Next week we will be brewing an IPA that has a pretty large OG of 1.072. From looking at the Mr. Malty site, that means either a starter or 2.7 smack packs. We did not use a starter on our first two much lower gravity ales and I have a question on the starter I would like to ask.
I have a 2L pyrex cone beaker that I was going to use for the starter. I will be fermenting the wort at about 60-62 degrees and I was wondering should my starter be made at that same temp or at “room temp” (70-72 degrees)? My guess is 60-62, but I wanted to ask the experts.
You can ferment your starter at room temp. The purpose of the starter is grow yeast, no need to ferment it at the same temperature as your batch of beer.
If you are going to settle the yeast and dump the residual wort/beer/liquid, then the temperature does not matter. In fact, the warmer it is, the faster the yeast will grow. However, it sounds like you are fermenting an ale really cold (60-62F), likely to suppress ester formation and make it very clean.
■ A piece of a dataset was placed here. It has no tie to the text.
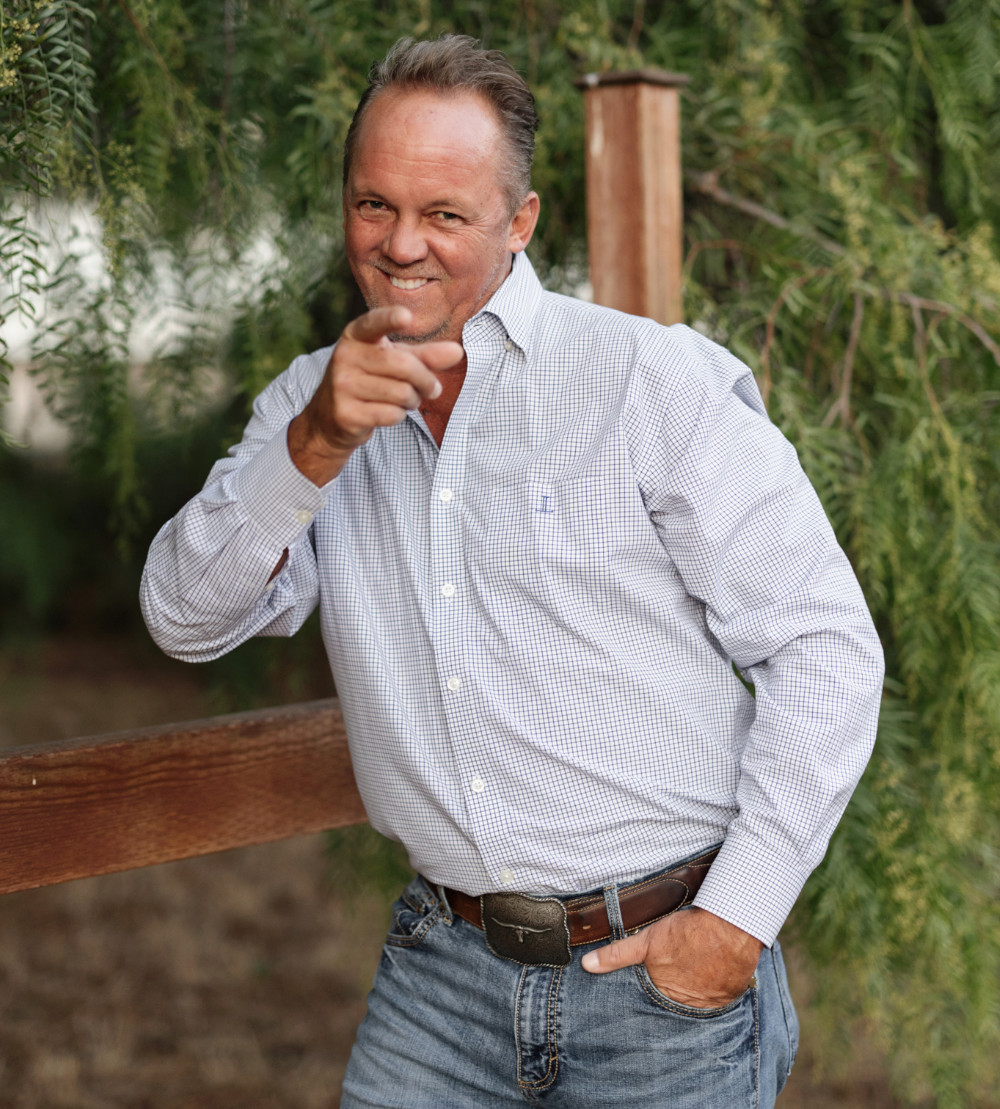 Jarrett Pugh in a button-down shirt and jeans pointing toward the camera while standing near a wooden fence and greenery – JP Buys SD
If you are going to dump the whole starter in without settling the yeast, then I would definitely make the starter at your ferment temp or even 1-2F cooler.
Actually, what I planned on doing was make the yeast starter on a Wednesday/Thursday and brew on Saturday.
So, it sounds like if I plan on doing my starter earlier and give it time to settle and I decant the spent wort, then I can do at room temp. If I plan on doing my starter later and want to pitch while it may still be active a bit, then I would want to do at or lower than my ferm temps…
Since the beer has such a high OG and I will be using the Wyeast Brewers Choice Yeast Nutrient for the first time, I expect a pretty big Krausen, so I will be using a blow-off tube for the first time too…just in case!
I did a one liter starter last night with California ale yeast V. This morning I really don’t seem to have any activity to speak of. How long before I try and start over.